ABC is a Spanish national daily newspaper. It is the third largest general-interest newspaper in Spain, and the oldest newspaper still operating in Madrid. ABC is often referred to as a newspaper of record of Spain, along with El País and El Mundo.
ABC was first published in Madrid on 1 January 1903 by Torcuato Luca de Tena y Álvarez-Ossorio. The founding publishing house was Prensa Española, which was led by the founder of the paper, Luca de Tena. The paper started as a weekly newspaper, turning daily in June 1905. In 1928 ABC had two editions, one for Madrid and the other for Sevilla. The latter was named ABC de Sevilla.
On 20 July 1936, shortly after the Spanish Civil War began, ABC in Madrid was seized by the republican government, which changed the paper's politics to support the Republicans. The same year Blanco y Negro, a magazine, became its supplement. A separate ABC printed in Seville supported the Nationalists. In 1939 ABC in Madrid was given back to its original owners, by Francisco Franco. During this period the paper was one of two major dailies in the country together with La Vanguardia.
In the 1990s the publisher of ABC was Editorial Espanola. The paper later moved from its historic landmark offices in Madrid by Paseo de la Castellana, which are now a shopping mall. The paper is part of Grupo Vocento, which also owns El Correo Español, El Diario Vasco, La Verdad and Las Provincias, among the others.
In the late 1970s and 1980s ABC had close connections with first Popular Alliance and later Popular Party.
On 25 September 2009, ABC made its complete archives, dating back to 1903, available online, giving modern readers a chance to see contemporaneous news about the Spanish Civil War or Francisco Franco's death.
ABC publishes in compact-sized stapled sheets, noticeably smaller than the loose tabloid format favoured by most Spanish dailies, including El País and El Mundo. Its cover distinctively features a full-size picture.
ABC is known for generally supporting conservative political views and defending the Spanish monarchy. The paper has also a right-wing stance. Its director since 1983, Luis María Ansón, left the paper in 1997 to found another daily, La Razón, which initially catered to even more conservative readers.
Historically, it was noted in its heavy use of photography, and the front page is typically a large photo taking up to one third of the area. Recently, it has been recognized for its coverage of Spanish culture and arts.
In February 1970 ABC had a circulation of 212,536 copies. It was 178,979 copies in February 1975, 171,382 copies in 1976, 145,162 copies in 1977 and 126,952 copies in 1978. The circulation of the paper was 135,380 copies in February 1980.

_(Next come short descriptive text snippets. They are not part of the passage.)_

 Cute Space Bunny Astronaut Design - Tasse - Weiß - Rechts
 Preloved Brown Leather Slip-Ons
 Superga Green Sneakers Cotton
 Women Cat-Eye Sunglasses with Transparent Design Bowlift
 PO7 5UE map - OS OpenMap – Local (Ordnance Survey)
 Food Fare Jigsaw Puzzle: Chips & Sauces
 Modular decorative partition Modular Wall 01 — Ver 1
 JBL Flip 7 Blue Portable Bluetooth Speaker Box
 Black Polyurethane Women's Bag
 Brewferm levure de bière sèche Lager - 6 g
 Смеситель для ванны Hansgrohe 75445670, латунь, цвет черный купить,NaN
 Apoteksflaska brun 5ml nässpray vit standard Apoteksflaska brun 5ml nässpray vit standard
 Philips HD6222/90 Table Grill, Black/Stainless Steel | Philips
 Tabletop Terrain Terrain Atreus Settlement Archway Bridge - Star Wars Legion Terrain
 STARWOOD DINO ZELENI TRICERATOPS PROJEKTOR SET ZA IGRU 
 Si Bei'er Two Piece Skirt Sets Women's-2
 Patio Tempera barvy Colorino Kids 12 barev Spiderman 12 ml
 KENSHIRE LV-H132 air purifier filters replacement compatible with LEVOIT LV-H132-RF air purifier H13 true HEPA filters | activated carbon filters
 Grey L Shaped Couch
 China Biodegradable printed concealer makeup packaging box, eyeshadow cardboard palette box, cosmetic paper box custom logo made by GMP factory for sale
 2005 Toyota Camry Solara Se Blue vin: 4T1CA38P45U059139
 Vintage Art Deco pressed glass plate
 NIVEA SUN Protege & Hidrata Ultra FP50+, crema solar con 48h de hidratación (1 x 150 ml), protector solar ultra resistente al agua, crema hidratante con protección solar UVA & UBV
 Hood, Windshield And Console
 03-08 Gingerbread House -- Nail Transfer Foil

The 1993 circulation of ABC was 334,317 copies, making it the second best selling newspaper in Spain. In 1994 it was again the second best selling newspaper in the country with a circulation of 321,571 copies. In the period of 1995–1996 the paper had a circulation of 321,573 copies, making again it the second best-selling paper in the country.
The circulation of ABC was 292,000 copies in 2001 and 262,874 copies in 2002. The paper had a circulation of 263,000 copies in 2003, being the fourth best-selling newspaper in the country. Based on the findings of the European Business Readership Survey ABC had 5,685 readers per issue in 2006. Between June 2006 and July 2007 the daily had a circulation of 230,422 copies. The 2008 circulation of the paper was 228,258 copies. It was 243,154 copies between July 2010 and June 2011.